The material below is to be copied exactly from the line with "A Mitsubishi Truck" up to and including the line with "Schoolgirl explaining about", with nothing else kept and no pictures.

* _MATERIAL TO PROCESS_:
________________

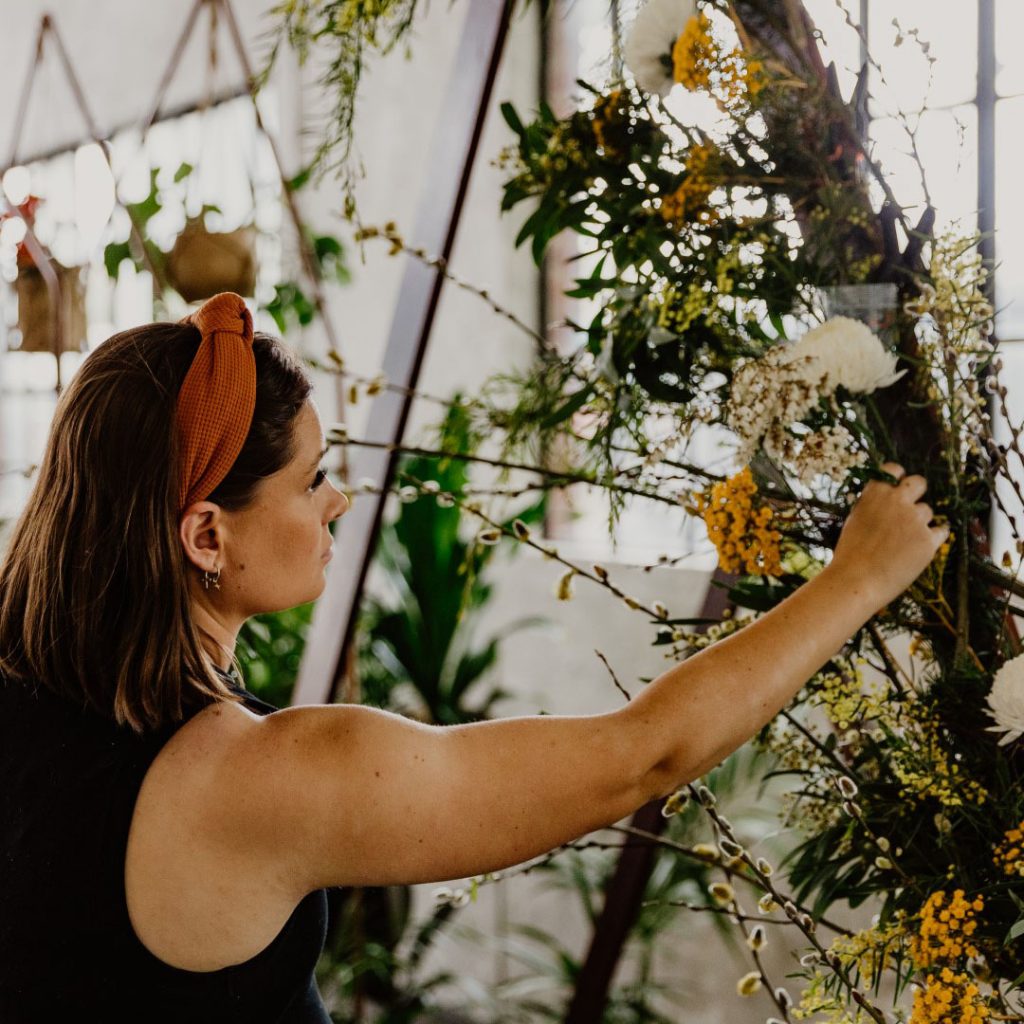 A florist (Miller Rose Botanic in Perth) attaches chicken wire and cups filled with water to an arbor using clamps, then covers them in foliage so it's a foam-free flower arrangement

________________

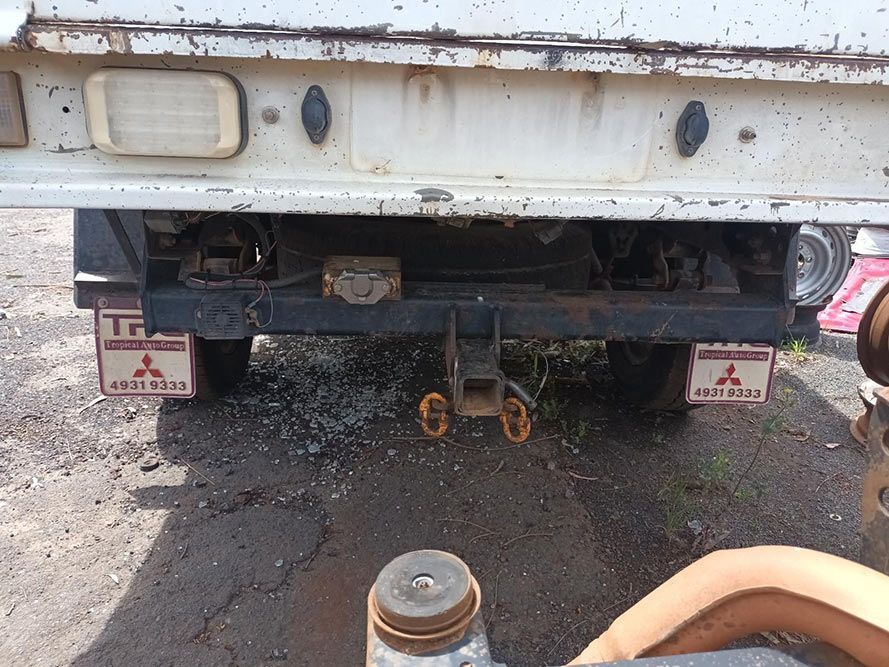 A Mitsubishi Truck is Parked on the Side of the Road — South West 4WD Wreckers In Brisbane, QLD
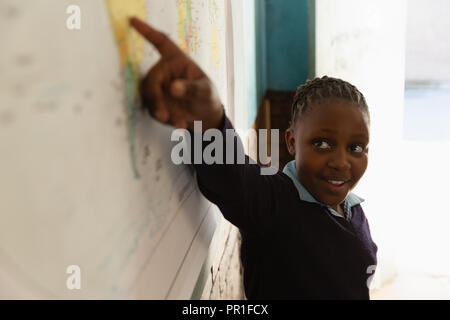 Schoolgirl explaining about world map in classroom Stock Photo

________________

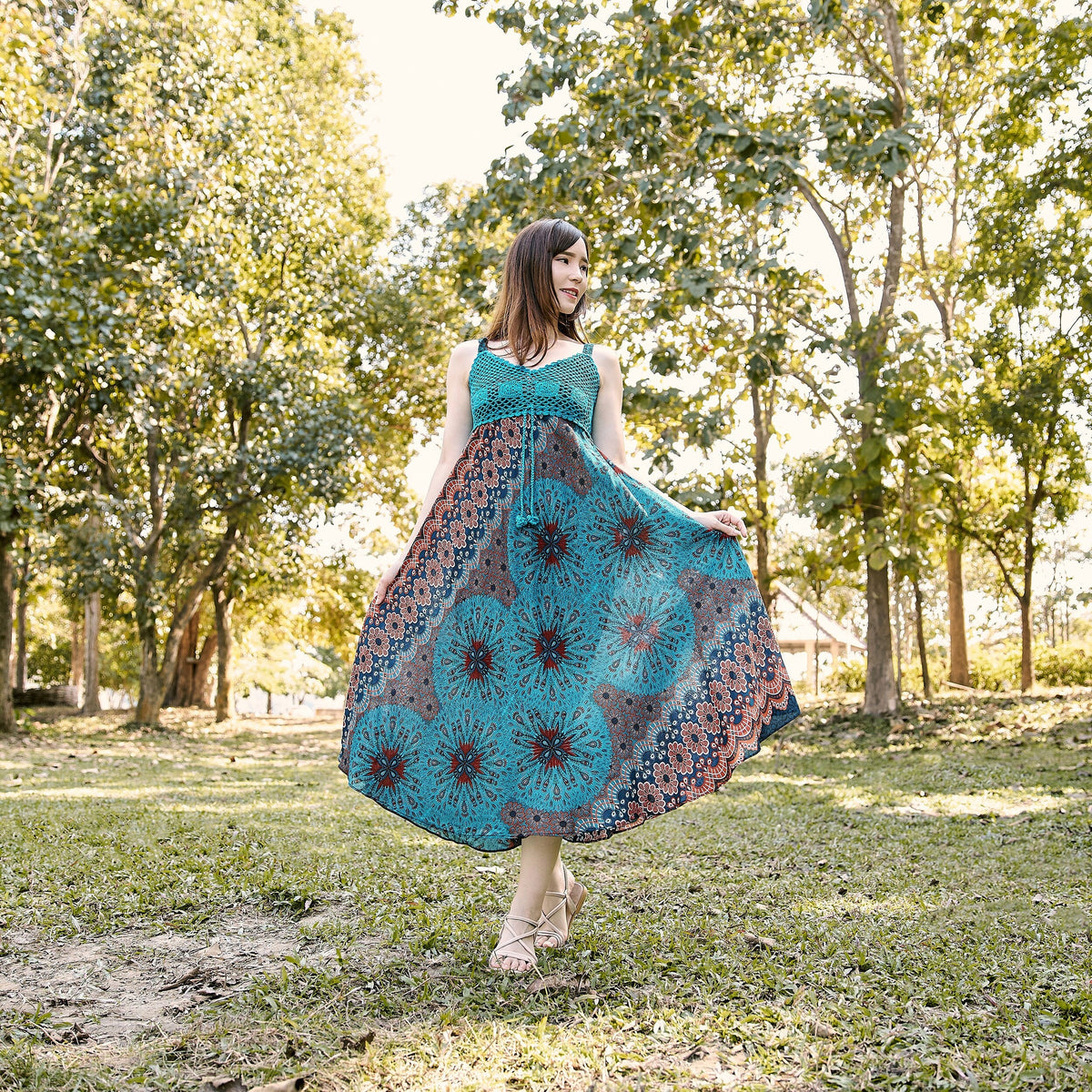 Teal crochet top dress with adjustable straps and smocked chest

________________

* _SOLUTION_:
 A Mitsubishi Truck is Parked on the Side of the Road — South West 4WD Wreckers In Brisbane, QLD
 Schoolgirl explaining about world map in classroom Stock Photo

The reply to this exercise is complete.